Some of us older, perishable folks tend to forget that our demise could be nearer than we think it is; that now might be time to contemplate what's next, once it's over. By which time we might be too old to imagine anything else but a decent burial blessed by a mediocre memorial-service. As for me, I prefer the idea of reincarnation with a twist: coming back to earth as a different being. Not as another person, of course, no. I've decided that in my next life I'll show up as a "Branta Canadensis", meaning a Canada Goose. Here's why.

 

There are a few things I very much have in common with the Brantas, one of them being a strong craving for coastal waterways, peninsular bays and lakes. Those big birds enjoy some of the best bodies of water, and for good reasons. Take a bath, swim a while, paddle around, stick your head below, look at old tires, bottles, some fish; nibble on weeds, squawk a bit. Sure beats resting in peace six feet under.

 

Eating is big with Branta Geese, and since they are predominantly vegetarians, they favor better lawns and gardens everywhere. Just recently a bunch of them landed in my place to feed on the tender tips of my best Kentucky Blue grass. Next day, they fertilized my lawn by means of their prodigious digestive system, then left again.
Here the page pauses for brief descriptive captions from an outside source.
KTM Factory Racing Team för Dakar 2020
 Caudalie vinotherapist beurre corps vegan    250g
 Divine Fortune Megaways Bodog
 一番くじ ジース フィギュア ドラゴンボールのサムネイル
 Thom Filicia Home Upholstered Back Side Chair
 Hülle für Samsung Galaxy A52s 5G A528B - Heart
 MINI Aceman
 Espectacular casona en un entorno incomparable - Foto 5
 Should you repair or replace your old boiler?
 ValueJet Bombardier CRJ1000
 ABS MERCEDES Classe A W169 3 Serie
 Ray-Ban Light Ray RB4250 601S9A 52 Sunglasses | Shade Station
A couple of weeks later, my well-manured turf showed new signs of growth. I was tempted to taste the fresh crop but couldn't quite stomach the aroma. For now I just smoke the stuff while waiting to join the Brantas in my next life.

 

Last not least, I like the Brantas' frequent-flyer program. Just think. You just watered your belly in a sun-lit pond for an hour or so. You then helped yourself to the daily treat of lush greenery, and soon thereafter nature's call gets answered. Next, you get ready to join the flock of feathered aviators for take-off into the skies. There are all kinds of short excursions to selected gourmet hang-outs, and twice a year you go on long-distance trips down south or back north.

 

What's more, you're blessed with two strong, well-plumed wings on a good body, a long neck sporting a fist-sized head that is home to a state-of-the-art navigation-system the size of a hazelnut. Add to that the routine of V-shaped flight-formation in favorable weather, plus the geographic scenery some three thousand feet below you. It so blows your mind, and there's nothing to stop you from screeching with sheer ecstasy while well underway to better pastures.

 

So let's face it: life after death can't get any better. Swim, eat, purge and fly. Go Branta, and I'll see you up there. Just like that.